Change coming for my challenger

v8440

Well-known member
Hi all,

I'm trading my '73 rallye 340 challenger (with an anemic 318 and plenty of work to do to the body) for a paint job and general restoration on my '74 challenger. It may take the guy a year or longer, but it'll have a fresh GOOD silver paint job on it. He's going to paint everything silver that the factory painted whatever original color a car came in. The a/c will be working, all the seals replaced, etc etc. The car will drive better than it did new, and won't have any water leaks or other common stuff you get with older cars. Pictures of progress will occasionally surface.
 
Dont give him the car until its done and you get yours back. truck me on this one.

Dave
 
Well, I probably should have mentioned that it's a good friend of mine, who I've known for years.
 
Well, I probably should have mentioned that it's a good friend of mine, who I've known for years.

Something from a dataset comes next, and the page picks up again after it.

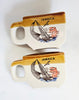 Vintage 1980's Novelty Two Half Coffee Cups / Mugs From Jamaica with the Caption "YOU ASKED FOR HALF A CUP OF COFFEE"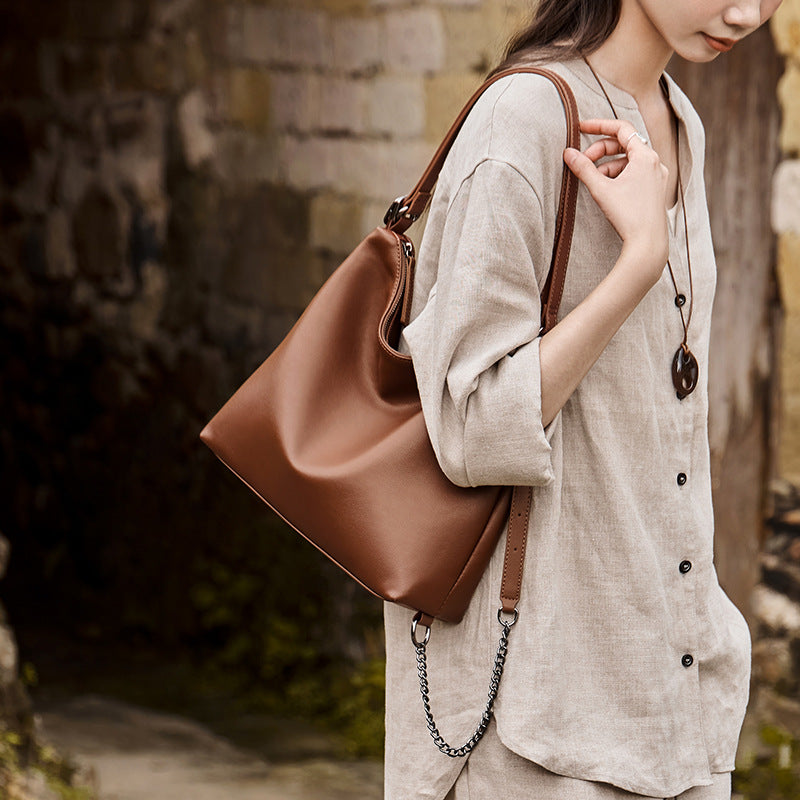 Women's Fashion Plain Soft Leather Tote Bag-RAIIFY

Still, get the work done first. But its your car. It all comes down to money and I have seen many friends part ways over $$$.

Hope all goes well.

Dave
 
It's not a factory silver car, and the silver I have it painted won't match a factory challenger color. I'm having it painted the color I want. After all, it's a 318 car originally.
 
Well, I probably should have mentioned that it's a good friend of mine, who I've known for years.

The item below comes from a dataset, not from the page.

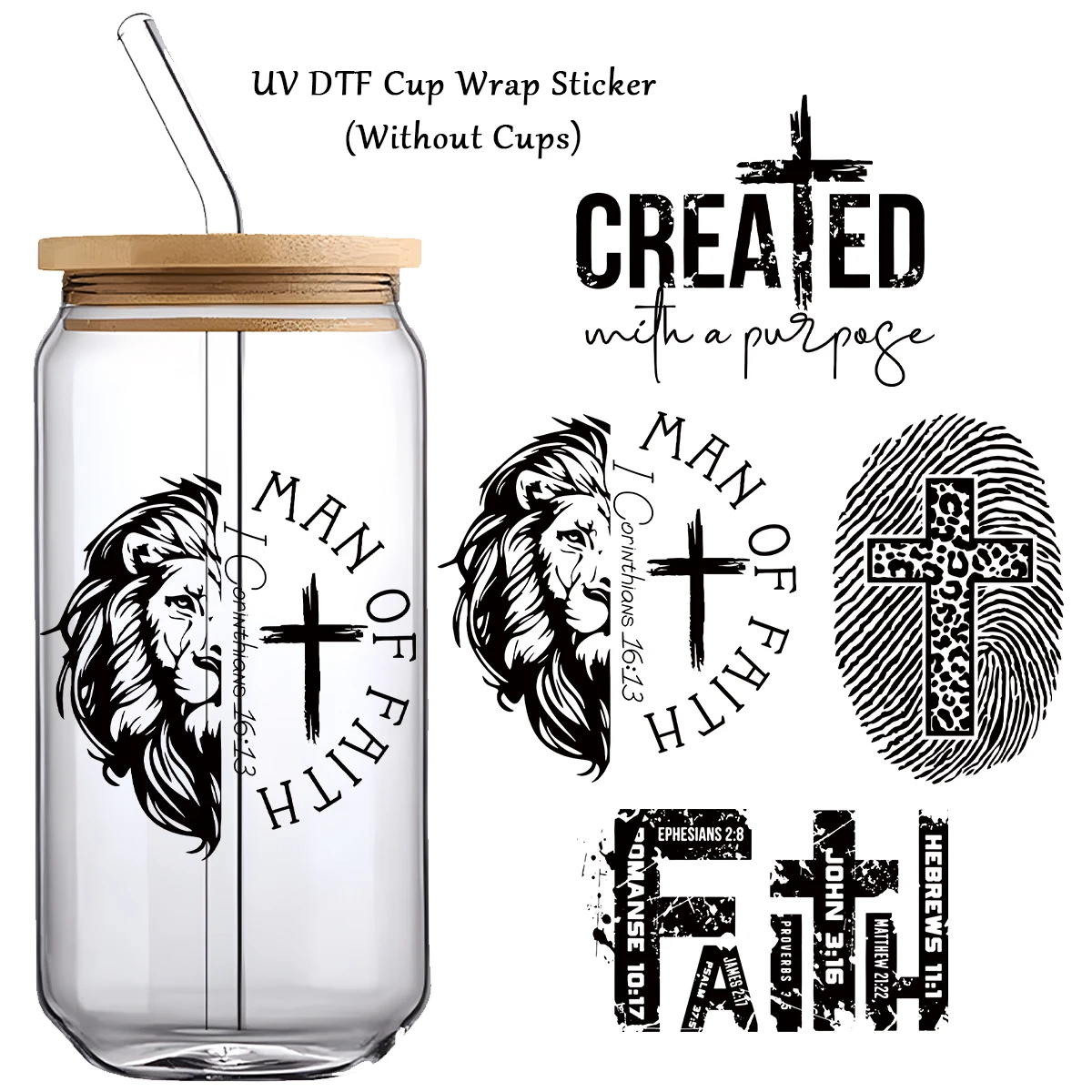 4Pcs UV DTF Cup Wraps Decals Lion Christian Jesus Cross Man Of Faith DIY Waterproof DTF Transfer Stickers for Mugs Water Bottle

I try to stay out of deals like this with good friends. I've seen too many friends become enemies.

Four of my friends from GA used to do stuff like this all the time with each other. We'll call them D, J, K, and R. It went well for a long time, though for some reason D and K never had any deals between the two of them. By the end, J and R no longer spoke to anyone including each other and R ended up divorced over it. Only D and K still speak to each other. J won't even speak to me anymore, and I was never involved in any of it--all this went down long after I'd left GA, but he was infuriated that I wouldn't take his side in his final blowout with R. How could I? I wasn't even there!

My high-school best friend ended a 17-year friendship after one of his former co-workers took Dave's Challenger to do the paint. The body was nearly mint; all he really had to do was etch, prime, and paint it. After nearly a year and a half, Dave was getting impatient since his friend had barely touched the car., so the guy got pissed and hurriedly did all the work in a weekend. Huge sand scratches, mismatched paint, and buffed-through clear were the result. That's what Dave got for almost $4000 and several months' worth of weekends helping his friend build a shed and a new shop, and doing landscape work. Dave came to find out that for the nearly 4 large supposedly spent on materials, the guy shot the car in cheap-crap Omni paint and Shop Line clear. At retail, that's maybe $400 worth of paint, $500 tops. Dave figured the guy was adding a little for the effort, which minorly pissed him off since he'd done all that other labor, but $3300 markup? These guys stood in each others' weddings.

The best advice I can give you in this situation, is to write down exactly what is expected out of this deal from both parties, including time frames. No title until you get your end of the deal, regardless of whether he takes the car in the meantim. It might sound like you're being a jerk, but at no point in the future will you get the, "No, you said I was getting this, too." It's for the protection of both sides and more importantly, the friendship.